Unlike FineWeb which uses Trafilatura, we employed Resiliparse for text extraction as it better preserves forum discussions and QA answers that often contain crucial reasoning steps and solutions.
For initial quality assessment, we used [Llama-3.1-70B-Instruct](https://huggingface.co/meta-llama/Llama-3.1-70B-Instruct) to generate annotations on a 3-point scale:
1. Contains general mathematical content
2. Shows logical reasoning in mathematical context
3. Contains clear step-by-step solutions at appropriate level
A `multilingual-e5-small`-based classifier finetuned on these annotations was used to score the initial corpus.
However, this first version performed below the OpenWebMath baseline, leading to several important refinements.
### Phase 2: Recalling more candidate pages
Analysis revealed that FineWeb's C4 filter removes pages containing '{' characters, inadvertently filtering out content with LaTeX notation. To address this and expand coverage, we:
1. Identified promising website domains by selecting those where at least 10% of pages received a classifier score ≥ 2
2. Added URLs from OpenWebMath and InfiMM-WebMath datasets
3. Recovered URLs of pages filtered by FineWeb's '{' rule from its rejection logs
4. Re-extracted all content from scratch using the [OpenWebMath pipeline](https://github.com/keirp/OpenWebMath), which properly handles mathematical notation across various HTML markup formats and standardizes them to LaTeX
### Phase 3: Refined quality assessment
The expanded corpus underwent a more fine-grained quality evaluation:
Once again, we used LLama-3.1-70B-Instruct to score a sample of newly extracted pages on a 5-point scale (full prompt available in [here](assets/prompt.txt)):
We finetuned a new [classifier](https://huggingface.co/HuggingFaceTB/finemath-classifier) on these annotations and scored the entire corpus.

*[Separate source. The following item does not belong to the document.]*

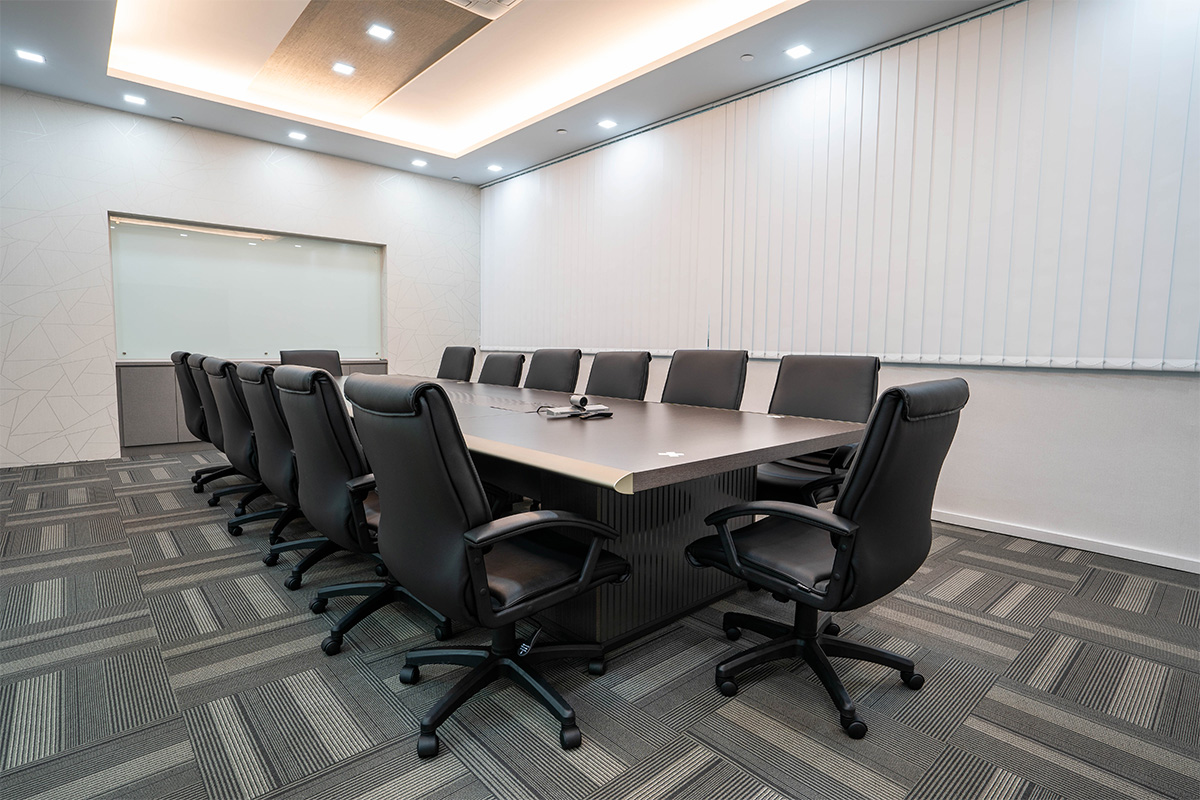 Spacious conference room equipped with 14 swivel office chairs, conducive and productive for meetings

After leaving only pages with a score of 3 or higher, and deduplicating the samples using simple single-band MinHash-LSH, we obtained FineMath-3+ with 34B tokens.
The same classifier was applied to InfiMM-WebMath's text content, focusing more on reasoning rather than advanced mathematics.
Both datasets were additionally filtered using FineWeb's language classification pipeline to remove non-English content.
### Decontamination
Following Qwen2.5-Math's approach, we removed samples with 13-gram overlaps against test sets from GSM8k, MATH, MMLU and ARC. Decontamination logs are available at [HuggingFaceTB/finemath_contamination_report](https://huggingface.co/datasets/HuggingFaceTB/finemath_contamination_report).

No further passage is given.